EXERCISE AIM> Find "White Tree of Life Wax/Oil Burner" in the records that follow; print that line and each subsequent line through the last one, verbatim and with nothing added.

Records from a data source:
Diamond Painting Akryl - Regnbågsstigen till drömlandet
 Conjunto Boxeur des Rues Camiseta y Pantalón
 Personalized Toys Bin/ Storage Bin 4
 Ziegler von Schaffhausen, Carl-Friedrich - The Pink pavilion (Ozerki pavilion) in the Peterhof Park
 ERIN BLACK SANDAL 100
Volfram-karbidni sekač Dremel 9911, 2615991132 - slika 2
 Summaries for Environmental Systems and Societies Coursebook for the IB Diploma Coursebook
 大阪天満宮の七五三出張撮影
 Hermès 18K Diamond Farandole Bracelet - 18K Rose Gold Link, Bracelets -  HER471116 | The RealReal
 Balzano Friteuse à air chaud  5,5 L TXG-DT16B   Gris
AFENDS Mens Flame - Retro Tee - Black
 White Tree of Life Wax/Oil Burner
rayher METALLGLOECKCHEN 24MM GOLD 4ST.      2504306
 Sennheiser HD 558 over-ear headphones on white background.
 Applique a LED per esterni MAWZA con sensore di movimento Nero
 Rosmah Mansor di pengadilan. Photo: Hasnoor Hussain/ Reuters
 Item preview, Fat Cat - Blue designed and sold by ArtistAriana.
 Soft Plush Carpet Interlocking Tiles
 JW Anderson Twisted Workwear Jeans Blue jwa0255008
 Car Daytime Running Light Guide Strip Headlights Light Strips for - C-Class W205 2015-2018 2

FINISHED TASK>
 White Tree of Life Wax/Oil Burner
rayher METALLGLOECKCHEN 24MM GOLD 4ST.      2504306
 Sennheiser HD 558 over-ear headphones on white background.
 Applique a LED per esterni MAWZA con sensore di movimento Nero
 Rosmah Mansor di pengadilan. Photo: Hasnoor Hussain/ Reuters
 Item preview, Fat Cat - Blue designed and sold by ArtistAriana.
 Soft Plush Carpet Interlocking Tiles
 JW Anderson Twisted Workwear Jeans Blue jwa0255008
 Car Daytime Running Light Guide Strip Headlights Light Strips for - C-Class W205 2015-2018 2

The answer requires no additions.